* WHAT TO WORK ON: Look through the lines below and extract each one that contains "with".

* RAW DATA:
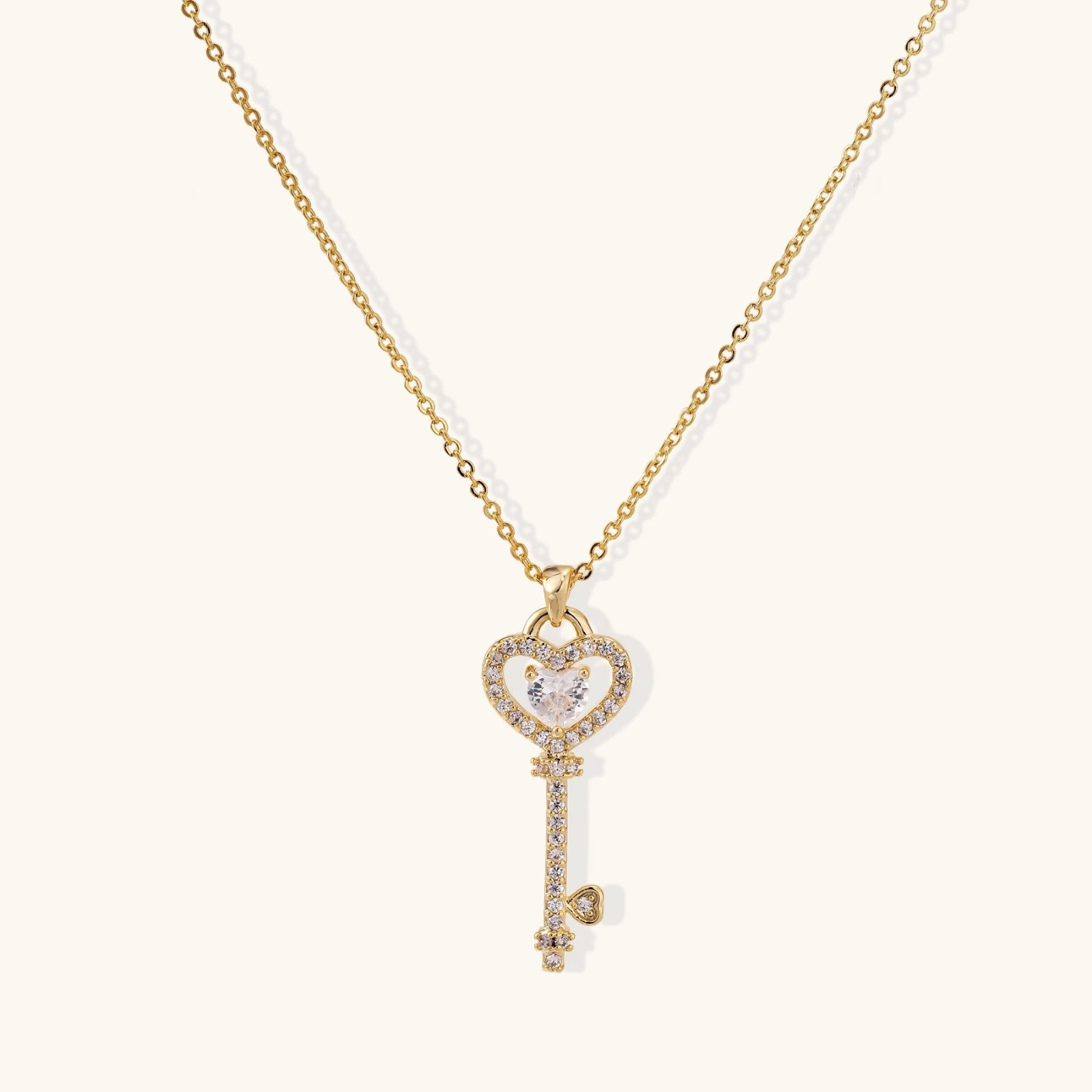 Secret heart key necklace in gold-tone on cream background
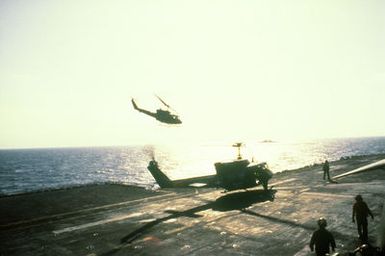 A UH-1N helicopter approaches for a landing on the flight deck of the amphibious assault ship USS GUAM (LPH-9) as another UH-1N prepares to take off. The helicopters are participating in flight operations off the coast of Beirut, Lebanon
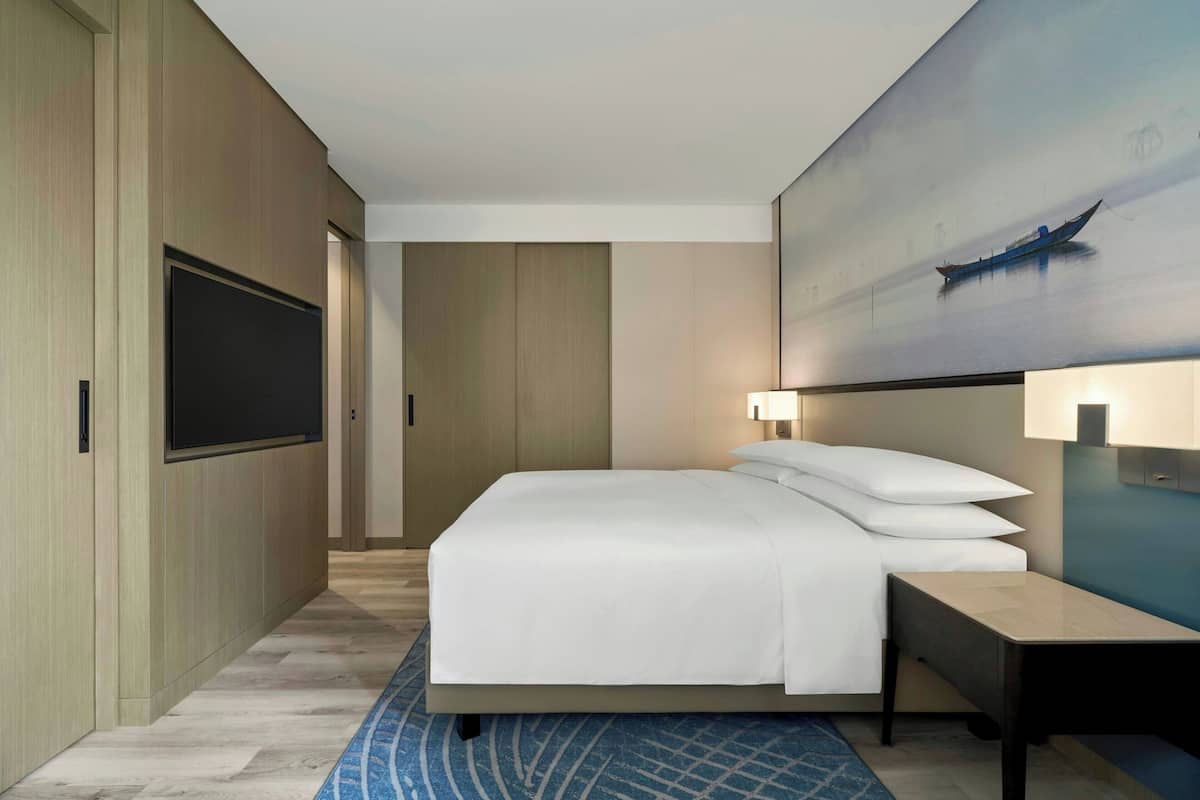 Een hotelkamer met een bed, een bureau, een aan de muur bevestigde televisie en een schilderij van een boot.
==
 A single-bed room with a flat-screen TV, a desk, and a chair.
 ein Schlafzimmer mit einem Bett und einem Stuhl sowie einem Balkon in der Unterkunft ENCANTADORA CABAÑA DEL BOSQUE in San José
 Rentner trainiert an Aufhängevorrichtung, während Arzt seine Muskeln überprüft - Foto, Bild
---
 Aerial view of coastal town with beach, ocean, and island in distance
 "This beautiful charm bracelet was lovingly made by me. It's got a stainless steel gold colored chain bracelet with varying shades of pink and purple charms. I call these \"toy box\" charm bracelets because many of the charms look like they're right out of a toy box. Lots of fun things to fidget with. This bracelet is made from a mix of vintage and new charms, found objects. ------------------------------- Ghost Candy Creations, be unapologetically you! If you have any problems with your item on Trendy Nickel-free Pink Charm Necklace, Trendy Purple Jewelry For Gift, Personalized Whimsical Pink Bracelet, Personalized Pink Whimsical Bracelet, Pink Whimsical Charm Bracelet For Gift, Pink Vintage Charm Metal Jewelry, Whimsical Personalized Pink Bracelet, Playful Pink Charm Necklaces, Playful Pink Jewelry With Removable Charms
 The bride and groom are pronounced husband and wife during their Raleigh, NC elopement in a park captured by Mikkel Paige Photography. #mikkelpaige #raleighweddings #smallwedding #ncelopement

* EXPECTED ANSWER:
 A single-bed room with a flat-screen TV, a desk, and a chair.
 Aerial view of coastal town with beach, ocean, and island in distance
 "This beautiful charm bracelet was lovingly made by me. It's got a stainless steel gold colored chain bracelet with varying shades of pink and purple charms. I call these \"toy box\" charm bracelets because many of the charms look like they're right out of a toy box. Lots of fun things to fidget with. This bracelet is made from a mix of vintage and new charms, found objects. ------------------------------- Ghost Candy Creations, be unapologetically you! If you have any problems with your item on Trendy Nickel-free Pink Charm Necklace, Trendy Purple Jewelry For Gift, Personalized Whimsical Pink Bracelet, Personalized Pink Whimsical Bracelet, Pink Whimsical Charm Bracelet For Gift, Pink Vintage Charm Metal Jewelry, Whimsical Personalized Pink Bracelet, Playful Pink Charm Necklaces, Playful Pink Jewelry With Removable Charms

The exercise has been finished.